The second season of The Crown, Morgan’s inordinately expensive, lavishly realized serial, was released on Netflix yesterday. After a hugely successful first season, it has, like Downton Abbey, taken a soapy idea and filled it out with complex characters, crisp dialogue, sudden unexpected insights, and emotional potency. Unlike the many slightly threadbare public-television shows that revisit history on the cheap, it’s also gorgeous to watch, resplendent with period costumes and richly detailed sets. (Its cost is reported to be about $10 million per episode, which would put it among the ranks of the most expensive shows ever made.)
Morgan’s approach is neither to grovel before the throne nor to sneer at it but simply to imagine what it might be like to sit on it. As we pick up the saga in 1957, the power of the monarchy is long gone. How does one find purpose in being a national ornament? In the previously little-known Claire Foy, Morgan has found an extraordinarily sympathetic actress to play Her Majesty with more shadings than we’ve ever seen before.
And what of those who surround the Queen, the accoutrements to the figurehead? Elizabeth’s husband Philip (Matt Smith) and her sister Margaret (Vanessa Kirby) lead lives that are both magnificent and empty, glamorous and vapid. Looking at it from their point of view, you can understand how spending life on vacation could get old very quickly. It makes sense that both hunger for some relief from the monotony.
In season one, Margaret, a born party girl with a mischievous streak, lost the great love of her life when Elizabeth broke up her love affair with the handsome but divorced Group Captain Peter Townsend. Early in the second season, she turns increasingly to drink and suffers another romantic setback. Meanwhile, the laddish, sporting Philip, on a tour of Commonwealth countries, can’t resist the lovely ladies he meets along the way. His wife — adorably, he calls her “Lillibet” — is hurt by his straying habits, and he is bored with his life. But they’re stuck with one another. They agree simply to get on with it as best they can, on the understanding that their personal interests come second to ancient duties which, if mostly ridiculous — posing for photos, holding boring state dinners, following protocol — are still important to national pride. Seemingly meaningless traditions matter, Morgan is arguing; the royals are not fools in finery but committed patriots who carry a burden. Far from being selfish layabouts, they are in a real sense the servants of the people, obliged to spend their lifetimes in character to fuel an inspiring ideal.

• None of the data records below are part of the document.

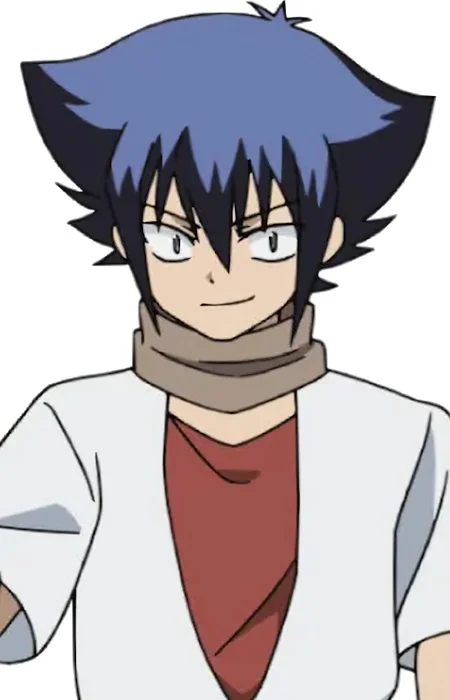 Ouno, Raion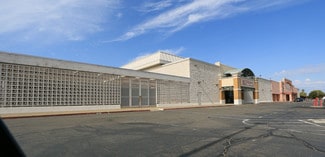 More details for 5601 Florin Rd, Sacramento, CA - Retail for Lease
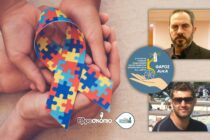 “Να γίνουμε το ηχείο της φωνής τους” – “Δεν ζούμε ένα δράμα, ζούμε τη ζωή μας”…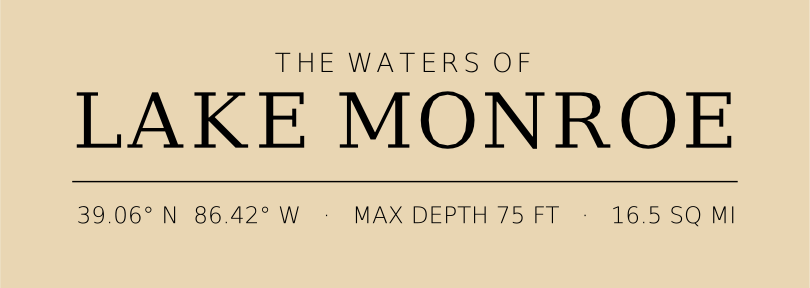 Title block preview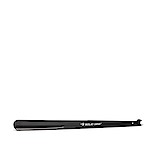 ŁYŻKA DO BUTÓW SNICKERS SG20033...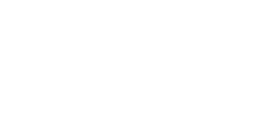 K-Art Galleries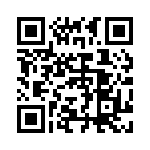 RJSNEJ08A08 QRCode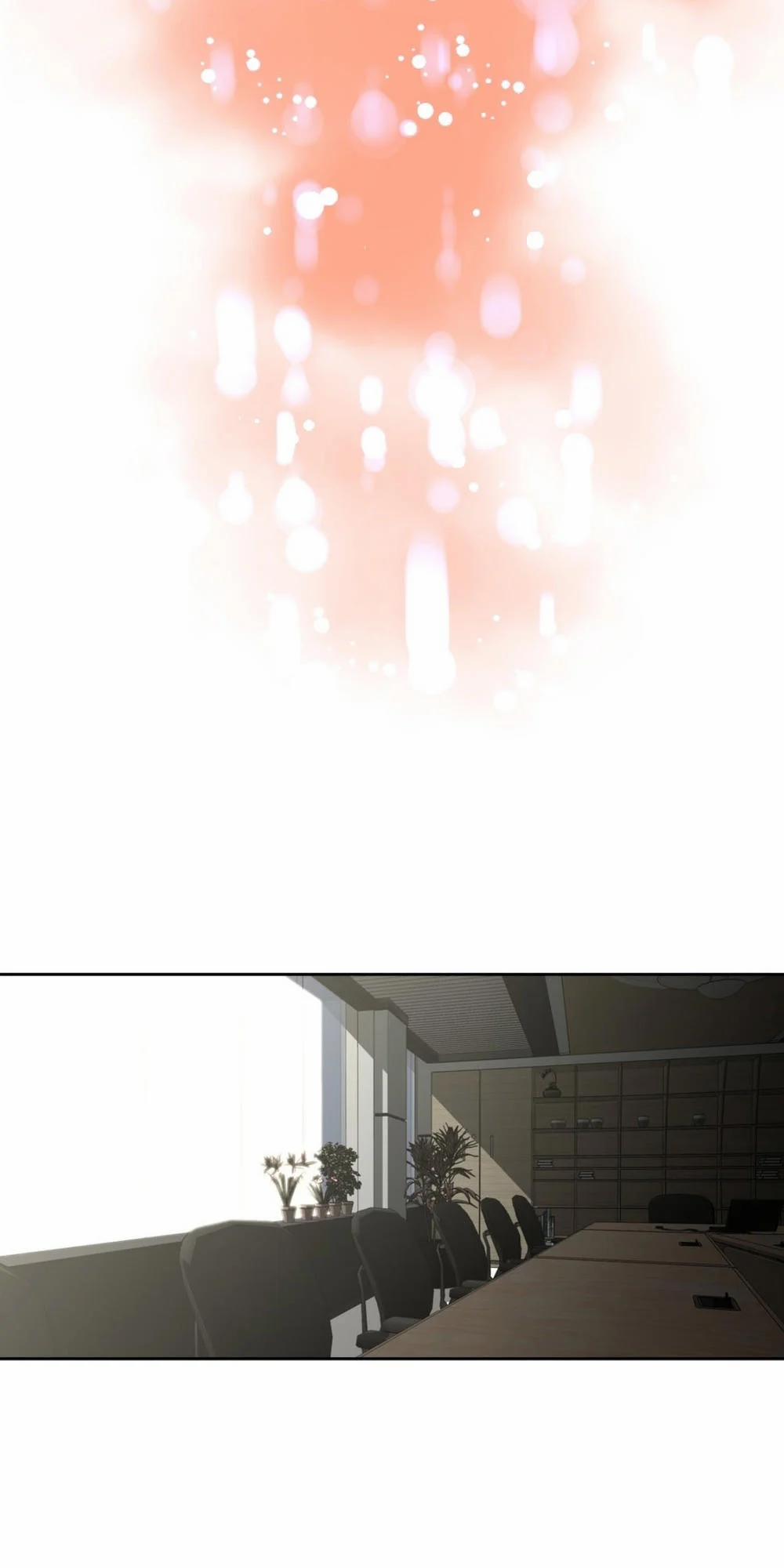 Brawling Go! 53 trang 58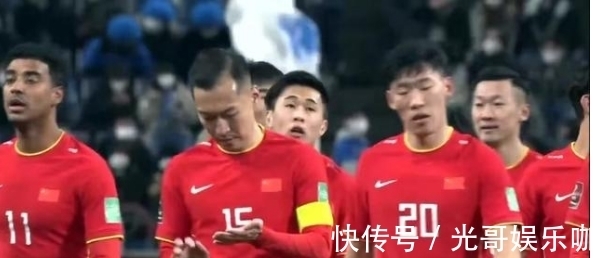 澳大利亚|国足淘汰三深因:私心过重,固执无能,不敢想赢!谁才是最受伤人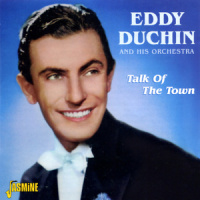 A Hundred Years From Today_Eddy Duchin,Frances Langford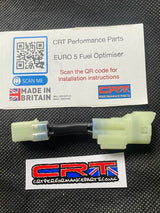 CRT Performance Parts, Fuel Optimiser, KTM690/Husqvarna 701 GasGas 700, 2021-on image 1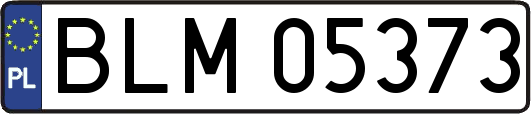 BLM05373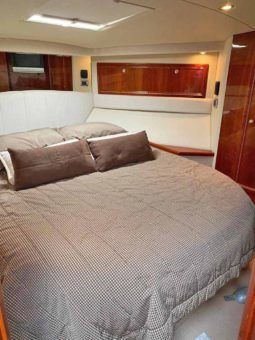 
										RIVIERA CONVERTIBLE 51 full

Episode four from the second season, “Beryl,” makes this point vividly, during a scene when Margaret, bored as usual, is posing for a birthday photograph by Cecil Beaton. A lady-in-waiting wants to see some character in the picture: “Birthday portraits should evolve and change like aging,” she says. Nonsense, replies Margaret’s mother: “No one wants complexity and reality from us. People have enough of that in their own lives. One has to help them escape.” Margaret angles for an escape from the escape: When she’s invited to a dinner party of London professionals, her excited response is, “What, normal people?” At the party she meets an arty, self-possessed photographer (Matthew Goode) who specializes in stripping off artifice in his portraits. She’d like to pose for him, to have him strip off her artifice, and maybe not just that. But he can’t give her a way out either.

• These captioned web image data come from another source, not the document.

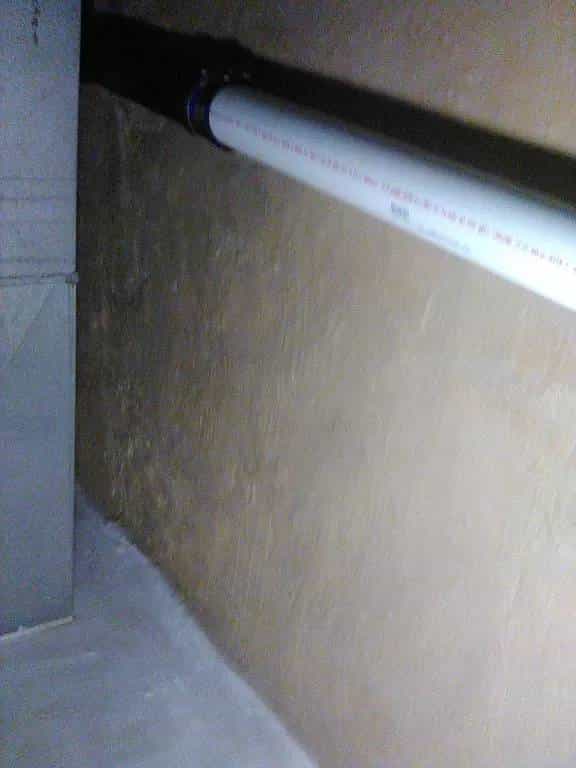 Picture of undefined, number 191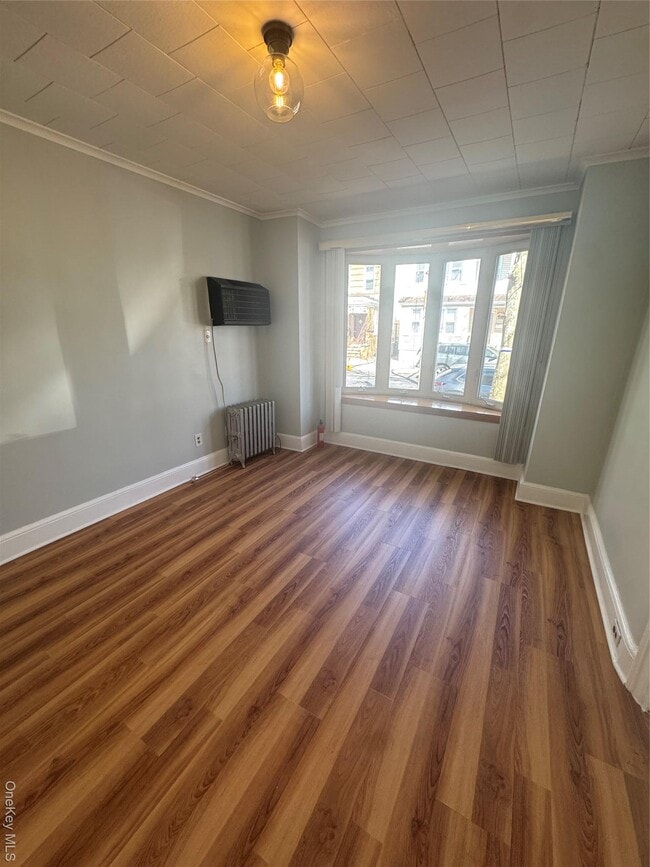 78-34 79th St in Queens, NY - Building Photo - Building Photo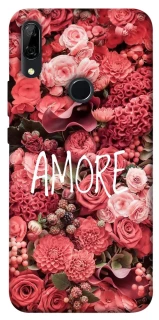 Чехол на Huawei P Smart Z Amore фото 1 из 1
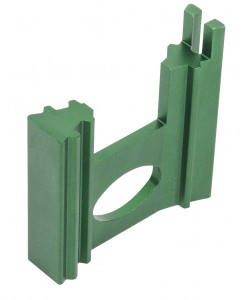 Outil droit de blocage...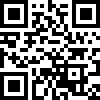 https://de.abna24.com/xkCGc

Morgan said in a recent interview that he has changed his mind, and now considers himself a “royalist.” Putting the Windsors under the microscope, imagining their lives since the 1950s, Morgan frames what they do as an endurance test, an involuntary performance-art piece. “It’s quite clear, now, that they have no power at all,” Morgan added in the same interview. “In fact their powerlessness is the torch. We torment these people. But we’re the villains, because we don’t know what we want from them.” Spare a thought for the queen and her kin. A gilded cage is still a cage.